TASK BRIEF: Write down the listing again exactly as it appears below, without its pictures.

PROVIDED DATA:
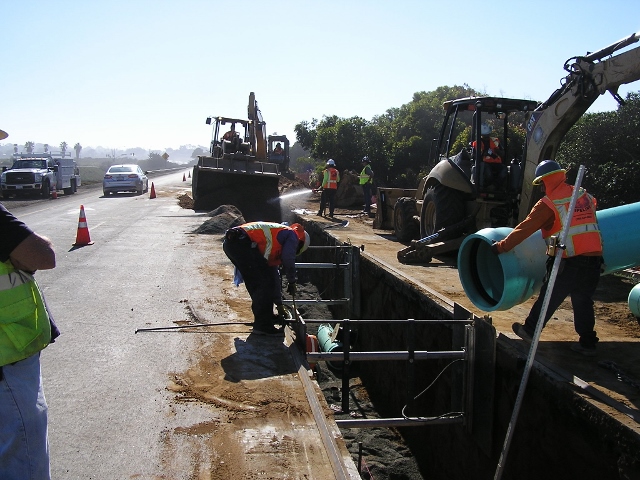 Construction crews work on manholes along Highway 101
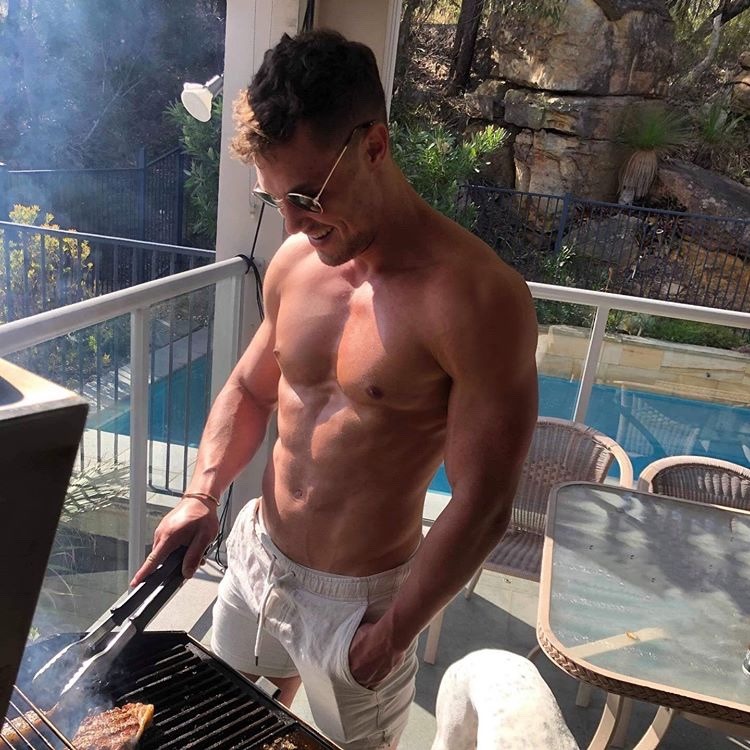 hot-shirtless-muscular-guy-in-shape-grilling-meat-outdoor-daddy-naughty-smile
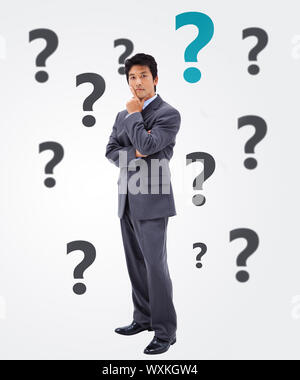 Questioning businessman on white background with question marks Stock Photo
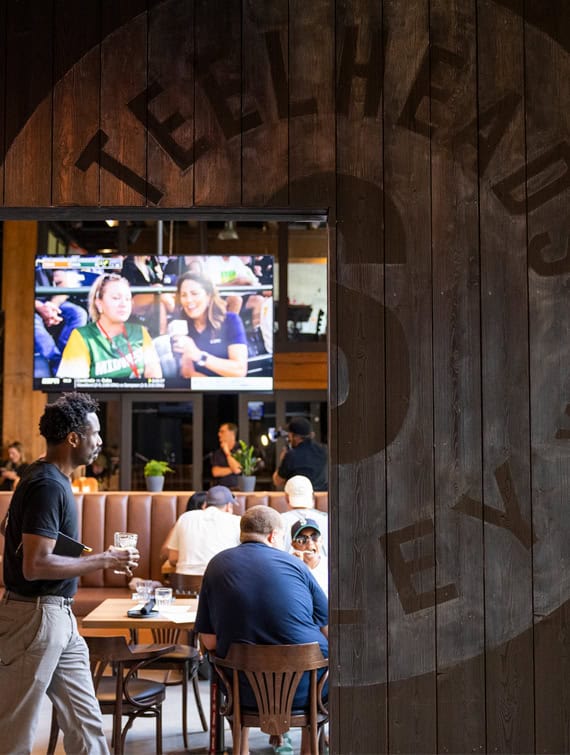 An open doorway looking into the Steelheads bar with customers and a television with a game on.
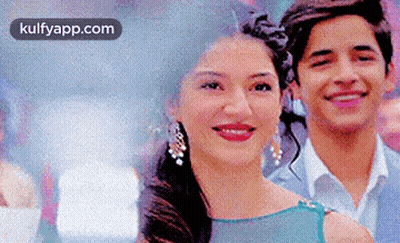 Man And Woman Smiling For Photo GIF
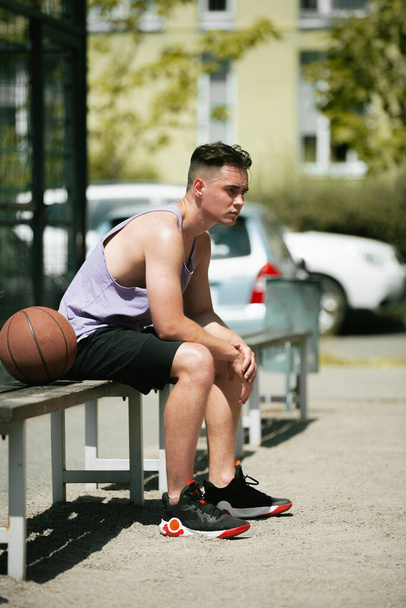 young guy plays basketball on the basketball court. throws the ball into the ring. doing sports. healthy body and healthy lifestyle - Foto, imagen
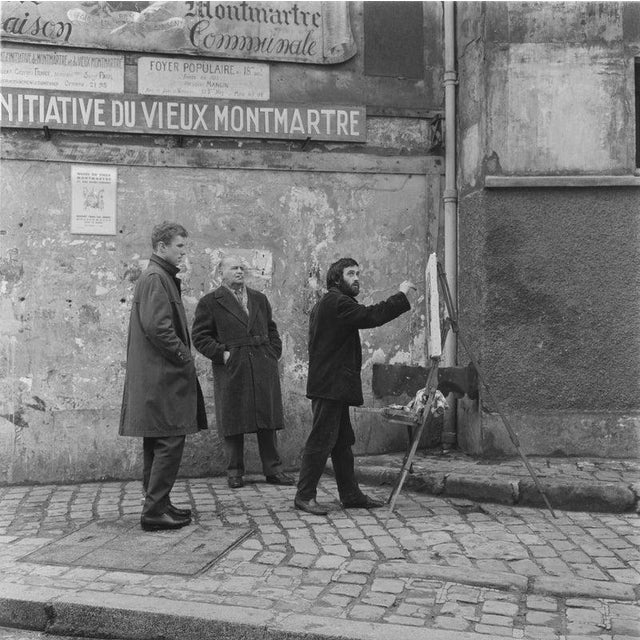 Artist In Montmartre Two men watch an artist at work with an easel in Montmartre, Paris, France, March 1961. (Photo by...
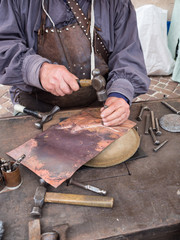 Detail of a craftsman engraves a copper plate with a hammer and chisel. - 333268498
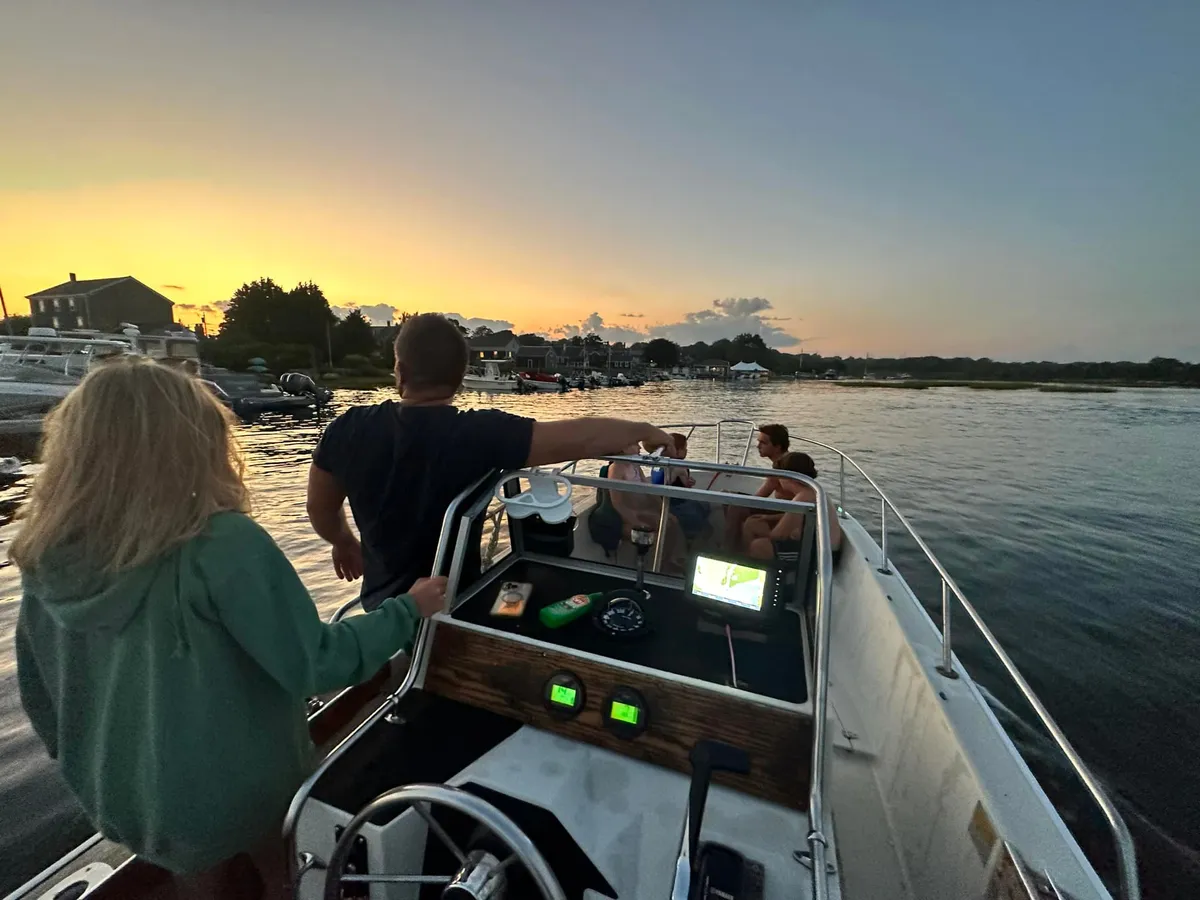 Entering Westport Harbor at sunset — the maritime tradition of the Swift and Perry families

REPLY:
 Construction crews work on manholes along Highway 101
 hot-shirtless-muscular-guy-in-shape-grilling-meat-outdoor-daddy-naughty-smile
 Questioning businessman on white background with question marks Stock Photo
 An open doorway looking into the Steelheads bar with customers and a television with a game on.
 Man And Woman Smiling For Photo GIF
 young guy plays basketball on the basketball court. throws the ball into the ring. doing sports. healthy body and healthy lifestyle - Foto, imagen
 Artist In Montmartre Two men watch an artist at work with an easel in Montmartre, Paris, France, March 1961. (Photo by...
 Detail of a craftsman engraves a copper plate with a hammer and chisel. - 333268498
 Entering Westport Harbor at sunset — the maritime tradition of the Swift and Perry families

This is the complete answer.